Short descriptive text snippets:
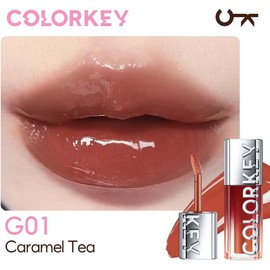 COLORKEY- Brillo de labios 3D Plump Oil, acabado de alto brillo, tinte de labios, hidratante, no pegajoso, transparente y natural, Gl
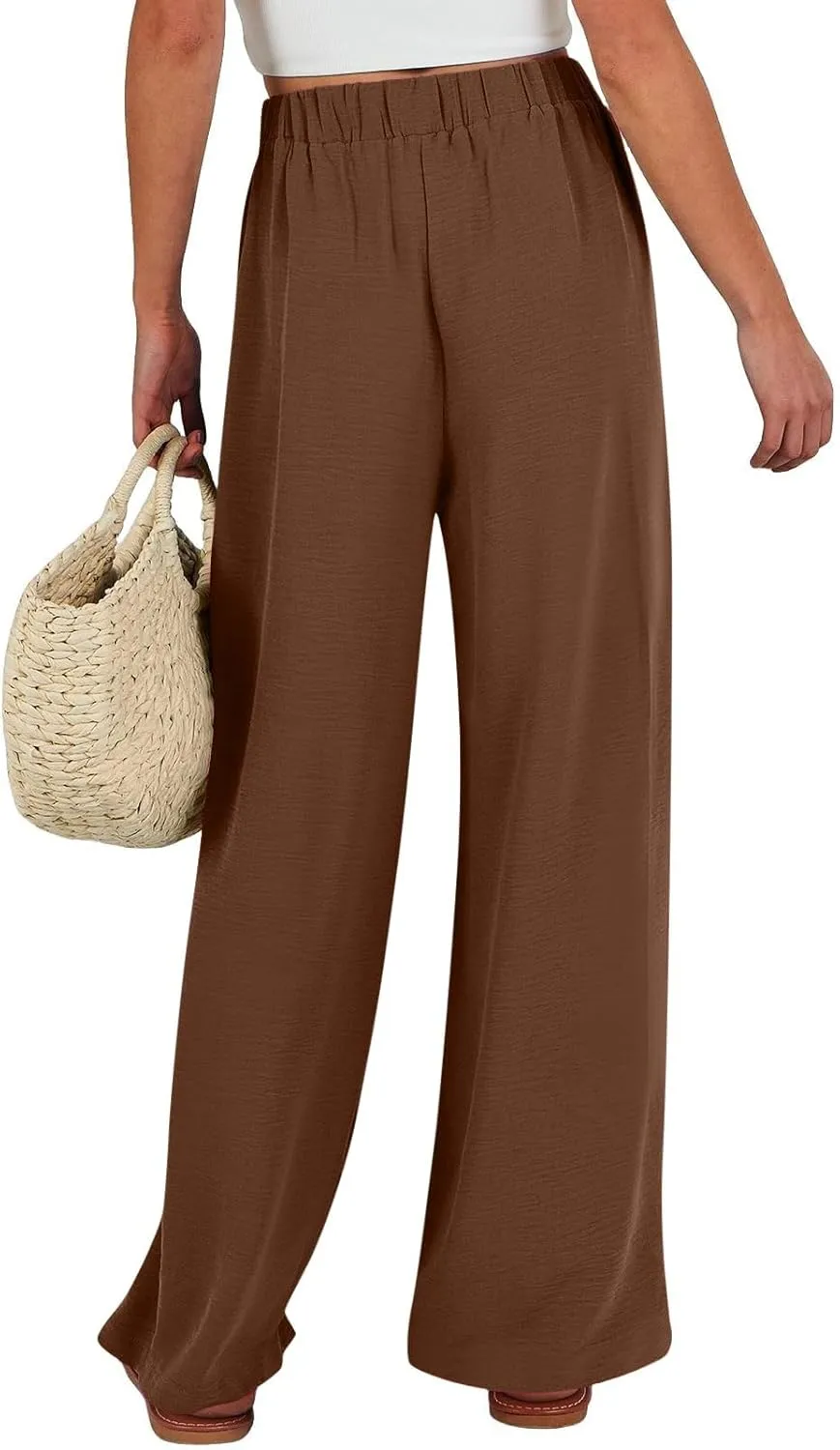Linen Pants for Women 2025 Dressy High Waisted Wide Leg Palazzo Pants Summer Casual Loose Flowy Trousers with Pocket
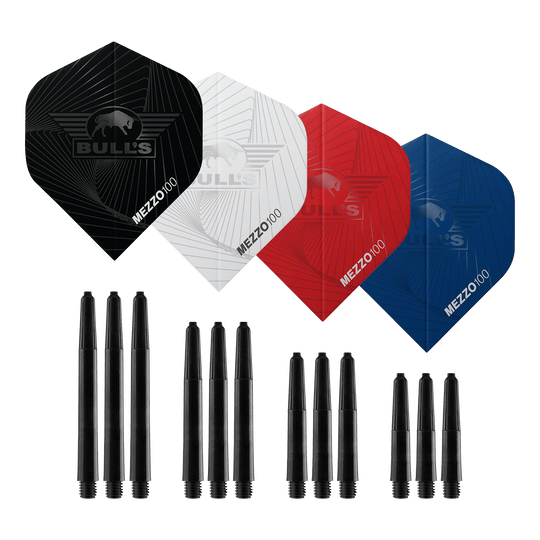 Hier sind die Bulls NL Bundle Of Steel - 4 Sets Brass Steeldarts zu sehen. Das Produkt besteht aus vier Sets Steeldarts aus Messing.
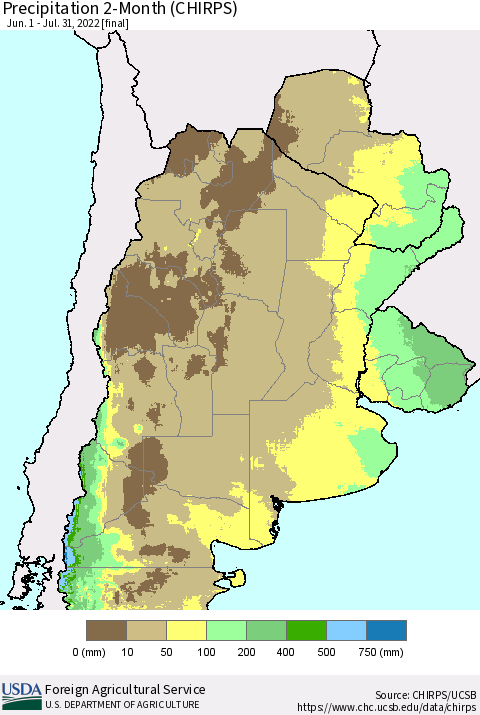 Southern South America Precipitation 2-Month (CHIRPS) Thematic Map For 6/1/2022 - 7/31/2022
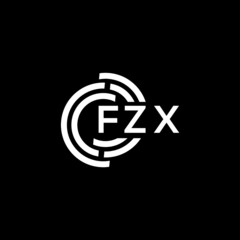 FZX letter logo design on Black background. FZX creative initials letter logo concept. FZX letter design. 
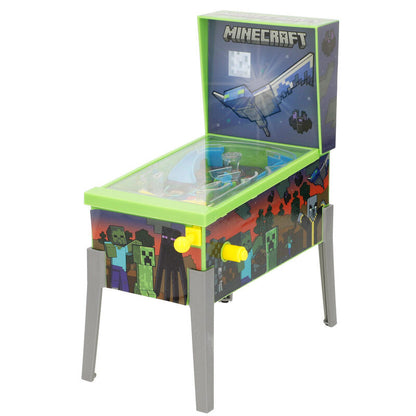 Mini arcade de pinball Minecraft verde con personajes pixelados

- _EXERCISE PROMPT_
What you need to produce is an exact copy of the entries above, limited to the lines from the one with "Hier sind die" up to and including the one with "Southern South America", without pictures.

- _COMPLETED EXERCISE_
 Hier sind die Bulls NL Bundle Of Steel - 4 Sets Brass Steeldarts zu sehen. Das Produkt besteht aus vier Sets Steeldarts aus Messing.
 Southern South America Precipitation 2-Month (CHIRPS) Thematic Map For 6/1/2022 - 7/31/2022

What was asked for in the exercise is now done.